The bending strength and hardness of the mold of Example 2 were measured, and the results are shown in FIGS. 1 and 2.
In FIG. 1, solid line 3 shows the characteristics of the molding die of the second embodiment, and in FIG. 2, solid line 4 shows the characteristics of the molding die of the second embodiment. As can be seen from FIGS. 1 and 2, the forming die of the second embodiment is superior in bending strength and hardness in the high temperature region to the forming die of the conventional example.

〔The invention's effect〕

As described above, according to the mold for the optical element of the present invention, at least the mold base material contains 75 to 97% by weight of WC and Cr ₃ C ₂ and does not contain Co, so that in a high temperature region.
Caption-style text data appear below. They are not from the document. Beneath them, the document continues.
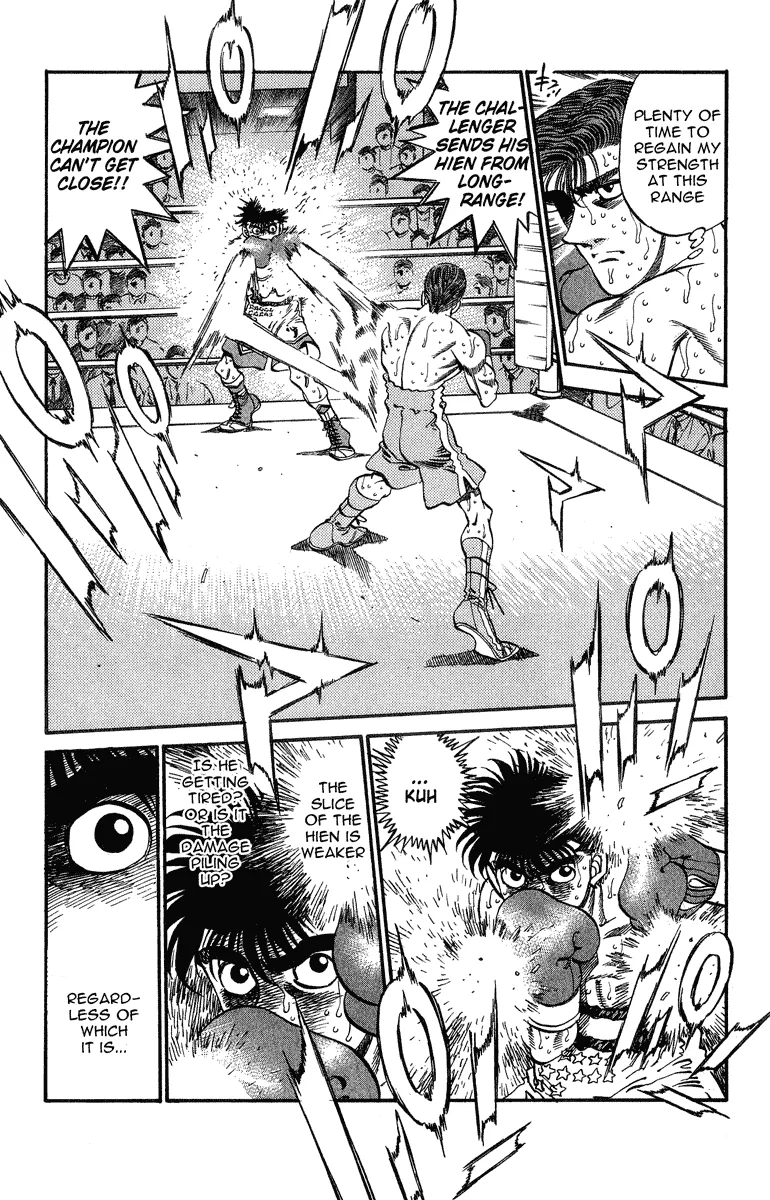 Hajime no Ippo - Chapter 307 - Page 14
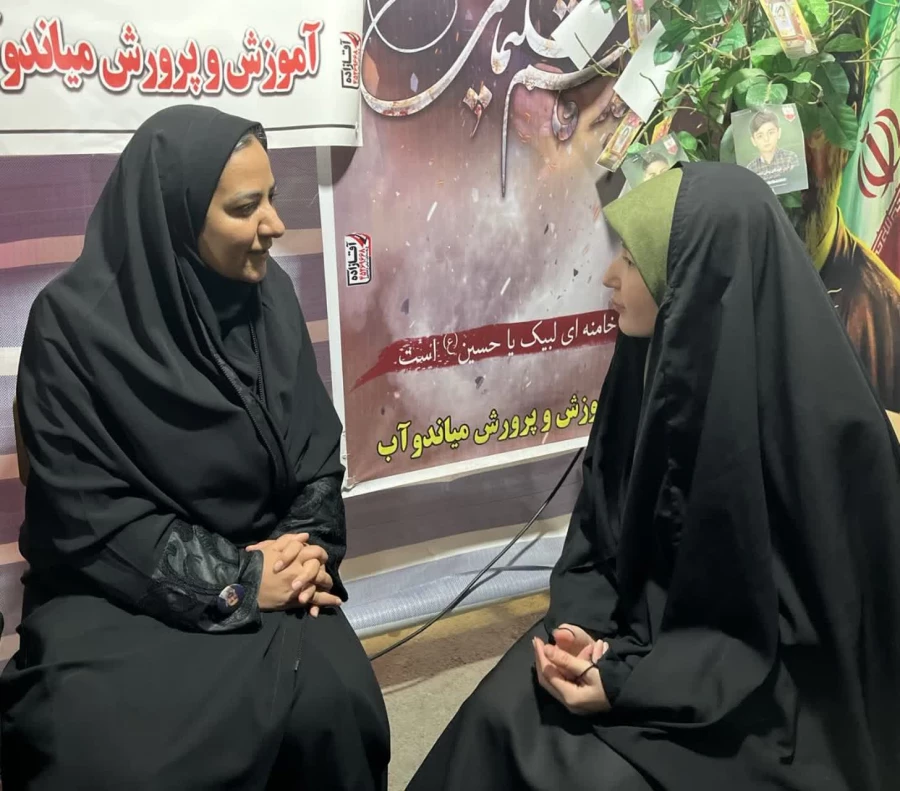 دانشگاه فرهنگیان آذربایجان غربی در فعالیت های فرهنگی جنگ رمضان درخشید 7
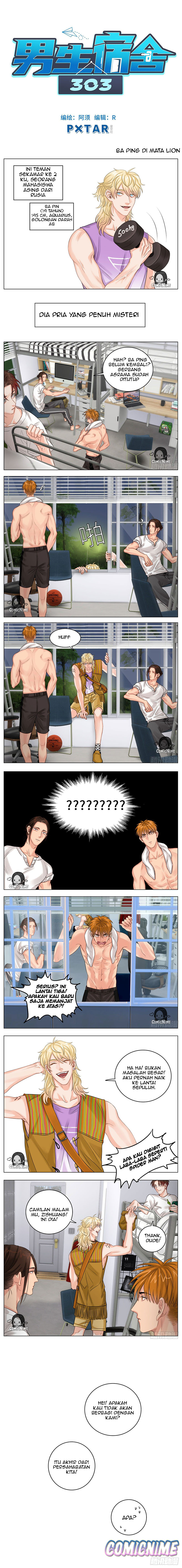 Boy's Dormitory 303 Chapter 5 - halaman 2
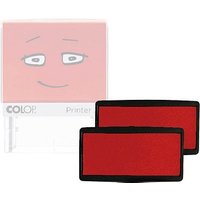 2 COLOP Stempelkissen Nio School brave red 14,1 x 9,2 cm 2 COLOP Stempelkissen Nio School brave red 14,1 x 9,2 cm von COLOP
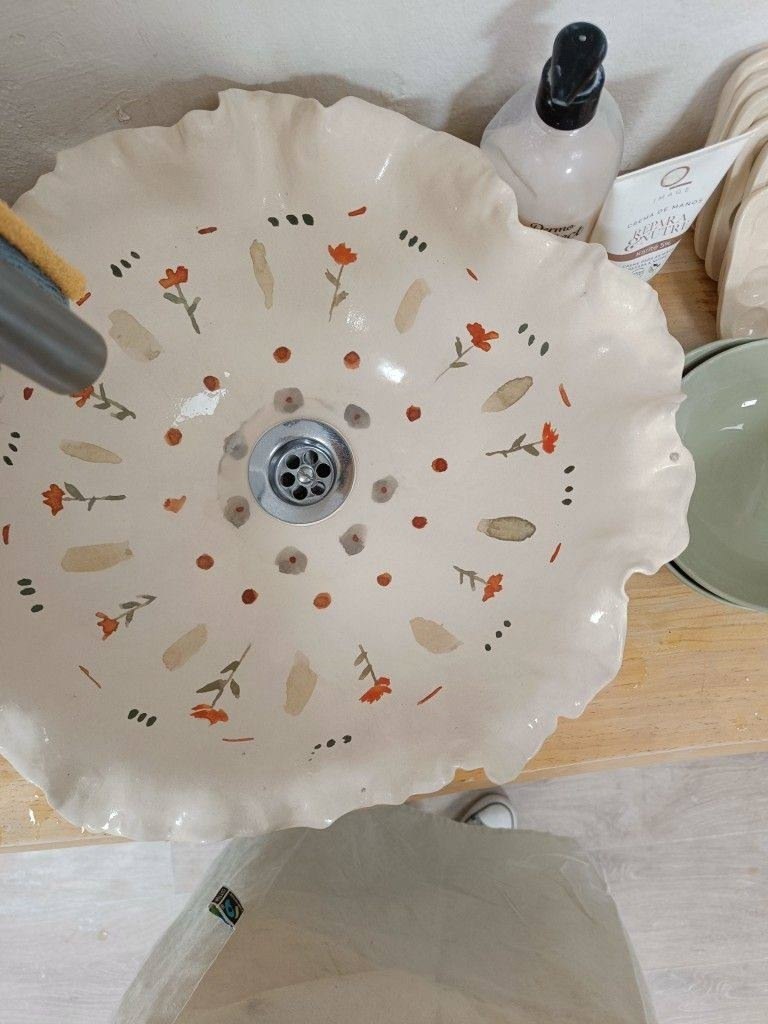 Расписные раковины своими руками — это способ превратить обычный предмет интерьера в настоящий ... - 2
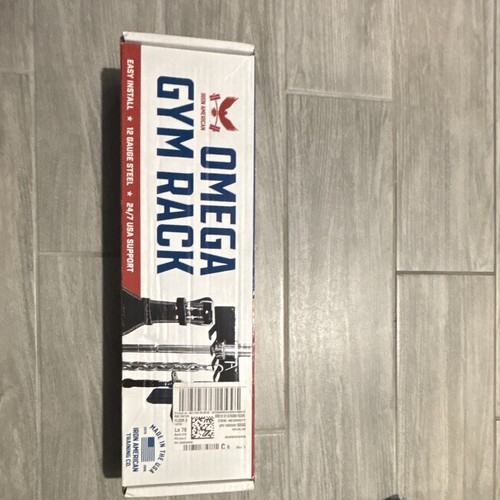 Omega gym rack wall - gym,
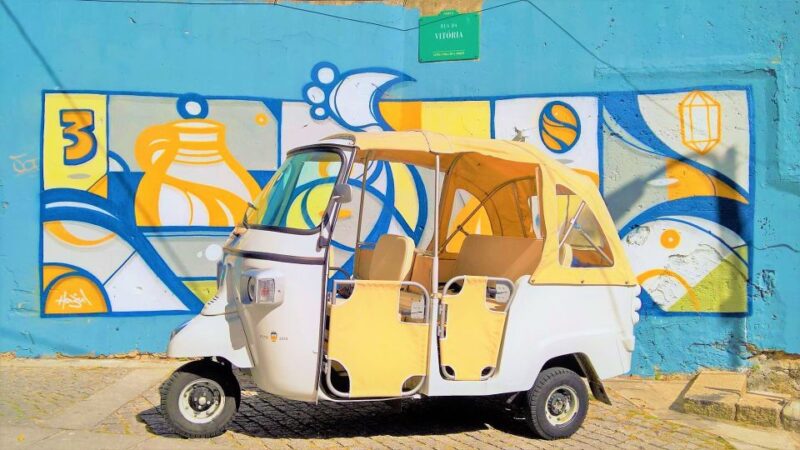 From Leixões: Private Porto Historic Center Tuk Tuk Tour - Exploring Porto’s Old Town and Green Spaces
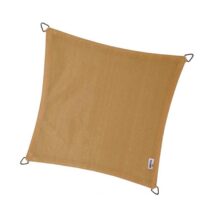 Nesling Compleet pakket: Coolfit 5x5 zand Zonwering Beige Polyester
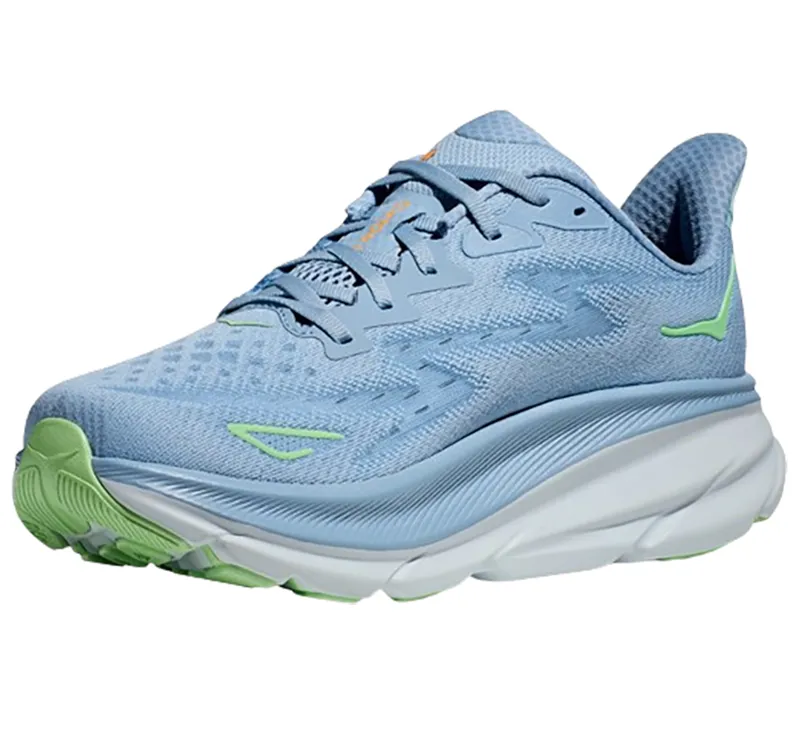 Hoka One One Men's Clifton 9 Dusk/Illusion-3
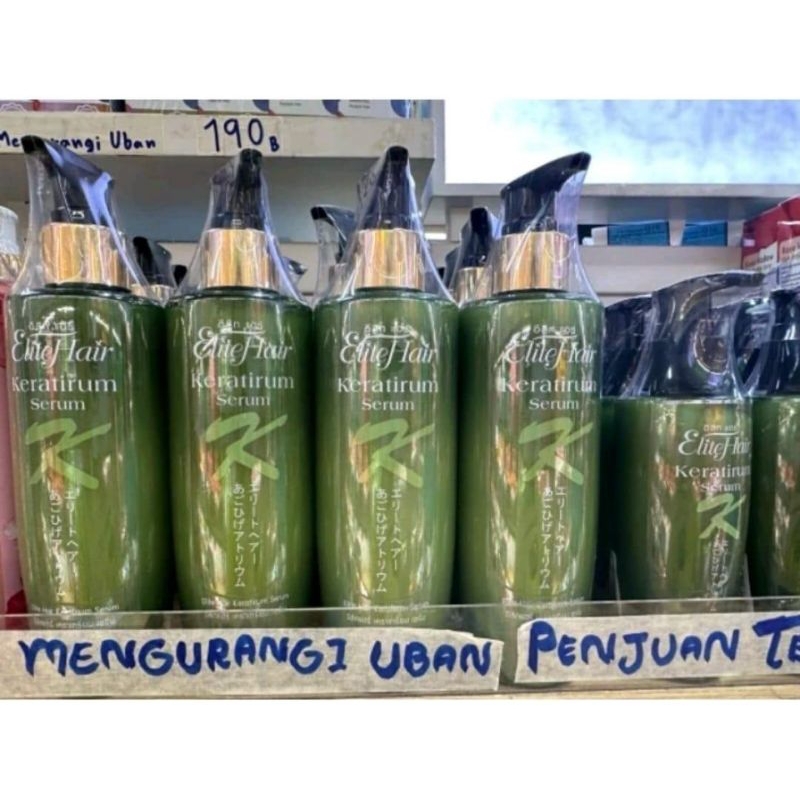 Serum Rambut  - Elite Hair Keratin Serum ORI  Thailand exp juni 2026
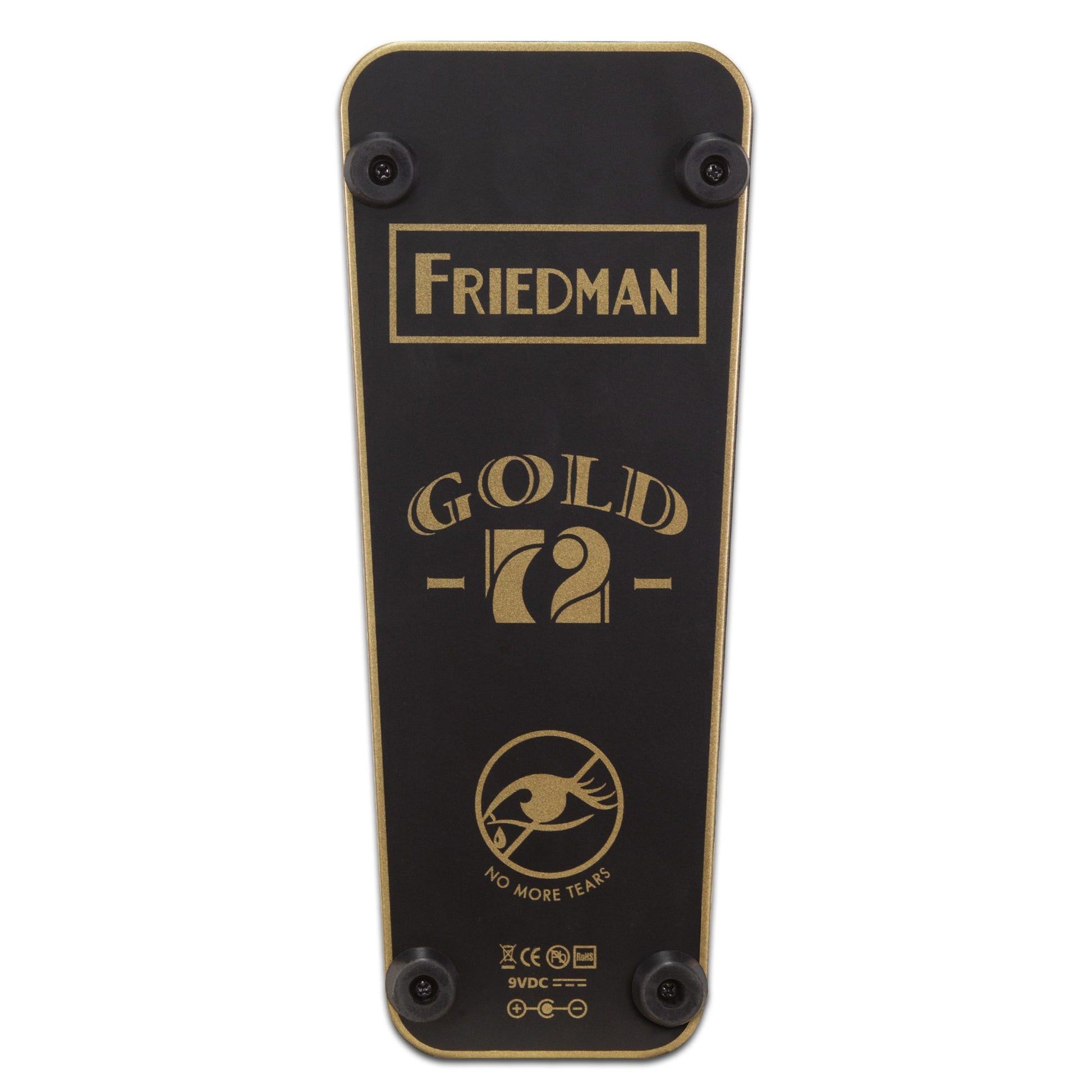 Friedman Gold-72 "No More Tears" Wah Pedal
It has excellent bending strength and hardness, high-temperature corrosion resistance, and a coefficient of thermal expansion that is very close to that of optical glass, making it ideal for precision molding, with no peeling of the coating layer and longer mold life. Thus, it is possible to obtain a high quality optical element at low cost.

[Brief description of drawings]

FIG. 1 is a characteristic diagram showing the bending strength of the forming die, and FIG. 2 is a characteristic diagram showing the hardness of the forming die.

Claims (1)

[Claims] 1. A mold for an optical element, characterized in that at least a mold base material contains 75 to 97% by weight of tungsten carbide and chromium carbide and does not contain cobalt.